With data in hands, you can start by the top and scratching components off the list as you go, similar to performing a search in a sorted tree. Each step down the tree makes you closer to the details and actual issue:

  • Client side, server side or somewhere in between?
  • Slow Javascript, rendering, blocking assets?
  • Load balancer, web server, any subsystem or third party?

As we go down the tree, the problem becomes more and more precise. As such, the data needed to find the issue must match that level of precision. At this point, tools such as performance profilers or SQL query execution plans become necessary.
For an efficient use of your time, it is worth citing Amdahl’s law:

Regardless the magnitude of an improvement, the theoretical speedup of a task is always limited by the part of the task that cannot benefit from the improvement.

For example, suppose we have a web request taking 100ms of server processing and 5 seconds for an SQL query. Even if you were to get the server processing down to 1 ms, the overall improvement is marginal in terms of response time, going from 5.1 to 5 seconds. The 5 seconds of SQL processing are where the potential gains are the highest.

Infrastructure issues

A top-bottom approach, i.e. identifying an issue more and more precisely, works well in the context of an issue localized to a single page. How about issues that spawns multiple pages? What if, for example, various pages experience intermittent slow response time due to a subsystem not keeping up or an antique network switch which each reboot may be its last?
This is where a monitoring approach focused on the application shows its limitations.

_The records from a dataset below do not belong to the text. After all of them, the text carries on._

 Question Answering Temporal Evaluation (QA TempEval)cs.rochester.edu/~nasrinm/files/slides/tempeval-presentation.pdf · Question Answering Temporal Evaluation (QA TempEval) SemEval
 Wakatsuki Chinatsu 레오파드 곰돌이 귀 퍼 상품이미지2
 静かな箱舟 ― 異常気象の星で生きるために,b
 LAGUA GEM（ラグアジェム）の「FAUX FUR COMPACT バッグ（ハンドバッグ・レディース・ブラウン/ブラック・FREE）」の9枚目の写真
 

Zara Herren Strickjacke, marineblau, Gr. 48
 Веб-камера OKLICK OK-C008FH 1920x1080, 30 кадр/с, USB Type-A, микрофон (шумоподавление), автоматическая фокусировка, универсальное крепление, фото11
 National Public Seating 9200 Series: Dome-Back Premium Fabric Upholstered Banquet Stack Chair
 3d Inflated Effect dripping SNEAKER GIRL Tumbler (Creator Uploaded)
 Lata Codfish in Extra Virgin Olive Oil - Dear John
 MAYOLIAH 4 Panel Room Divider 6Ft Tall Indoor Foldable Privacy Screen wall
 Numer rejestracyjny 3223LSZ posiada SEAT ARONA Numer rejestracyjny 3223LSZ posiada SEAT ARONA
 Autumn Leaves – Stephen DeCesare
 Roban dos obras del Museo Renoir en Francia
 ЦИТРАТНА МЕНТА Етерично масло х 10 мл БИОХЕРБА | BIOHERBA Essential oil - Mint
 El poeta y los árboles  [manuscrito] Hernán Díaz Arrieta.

At this level, other metrics are needed to assess the healthiness of every component in the system, both at software and hardware level.

At the hardware level, the first machines that comes to mind are the web and database servers. However, these are only the tip of the iceberg. All hardware components must be identified and monitored: server, network switch, router, load balancer, firewall, SAN, etc.

All this may be seem obvious to a system administrator, as hardware monitoring is a common practice. There is, however, a major caveat: all those hardware metrics are mostly useless in a performance point of view if they are separated from the application metrics. In other words, metrics are most useful when put into context.
For example, an average of 50% CPU usage on a database server may be completely normal in some cases and a ticking time bomb in others. In peak times, 50% CPU usage indicates there is still some room to accommodate even heavier traffic. If the same 50% happens frequently during idle periods, it suggests the application is unlikely to survive a sudden peak of incoming requests.

Bottom line, system wide metrics such as CPU, memory and disk must be correlated to application metrics for asserting system healthiness. Being able to visualize application metrics such as request throughput and system metrics such as CPU usage, gives a much more complete picture of a system’s healthiness.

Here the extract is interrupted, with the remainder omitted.